Visit Someone You Love
You may someday be very happy you did or very sad that you didn’t.
Today I’m celebrating memories of my favorite Aunt on the anniversary of her birth. Really, she was much more than my father’s only sister.
She was the one who taught me how to hold the soup spoon like a big boy and not like a baby. She was the one who insisted that I say “yes, ma’am and no ma’am.”
I still have the ceramic hot plate she helped me make in Bible School. She drove me to Nashville when my Dad was in the hospital for major surgery.
I took my first shower in her home, but I didn’t know enough to put the shower curtain inside the tub. The rug was soaked. I was embarrassed. She scooped up the rug and put it in the dryer, having not said a word.
She didn’t always make suggestions to an unruly nephew. Sometimes she told me how it was going to be, and I knew she meant it too.

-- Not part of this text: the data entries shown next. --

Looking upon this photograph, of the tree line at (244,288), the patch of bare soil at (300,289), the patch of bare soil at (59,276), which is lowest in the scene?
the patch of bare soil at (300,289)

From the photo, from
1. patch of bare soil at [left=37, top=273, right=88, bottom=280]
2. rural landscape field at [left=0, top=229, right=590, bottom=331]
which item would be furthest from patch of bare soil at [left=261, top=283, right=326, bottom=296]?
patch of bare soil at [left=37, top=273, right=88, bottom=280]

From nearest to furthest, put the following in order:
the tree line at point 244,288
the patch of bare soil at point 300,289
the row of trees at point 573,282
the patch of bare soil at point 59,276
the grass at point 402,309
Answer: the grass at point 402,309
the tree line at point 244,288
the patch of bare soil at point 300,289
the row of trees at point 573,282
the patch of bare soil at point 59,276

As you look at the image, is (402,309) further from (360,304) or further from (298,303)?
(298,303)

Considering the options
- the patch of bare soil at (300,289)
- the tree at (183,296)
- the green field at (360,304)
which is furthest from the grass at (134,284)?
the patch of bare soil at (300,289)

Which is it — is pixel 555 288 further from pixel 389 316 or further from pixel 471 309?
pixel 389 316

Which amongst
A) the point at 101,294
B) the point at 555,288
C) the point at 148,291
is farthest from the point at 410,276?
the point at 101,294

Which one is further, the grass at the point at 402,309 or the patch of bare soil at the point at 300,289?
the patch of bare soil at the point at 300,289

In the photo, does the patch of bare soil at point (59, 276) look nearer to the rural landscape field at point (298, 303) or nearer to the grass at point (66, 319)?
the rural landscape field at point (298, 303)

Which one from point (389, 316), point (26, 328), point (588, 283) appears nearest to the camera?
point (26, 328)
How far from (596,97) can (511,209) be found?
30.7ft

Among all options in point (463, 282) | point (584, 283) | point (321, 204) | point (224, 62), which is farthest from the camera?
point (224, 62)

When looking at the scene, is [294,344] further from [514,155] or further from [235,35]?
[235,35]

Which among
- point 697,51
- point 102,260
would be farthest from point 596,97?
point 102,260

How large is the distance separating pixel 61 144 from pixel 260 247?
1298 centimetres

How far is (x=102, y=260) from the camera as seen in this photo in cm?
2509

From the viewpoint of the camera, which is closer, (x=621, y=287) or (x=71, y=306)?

During my high school stud muffin days, she told me how awful my hair looked and to get it cut. A newly washed car never left Midway Service Station without first passing her inspection. Heaven forbid the Station bathrooms were ever found to be dirty.
Someone once said that memories are made in moments, not hours or days. It’s those moments that form your character and last forever.
I’ve written about just a few moments with my Aunt that helped me become the imperfect, but certainly better person than I would have become without having her in my life.
I was on an infrequent visit back home six years ago for a family reunion. The gathering was at a church about 20 miles from her home.
She was unable to attend the reunion, so she told me to make sure I came back to see her before leaving town after the reunion.
I told her that I would.
The reunion ended. I was tired and wanted to get back home, about a two hour drive. So, I didn’t go back to see her as I promised I would.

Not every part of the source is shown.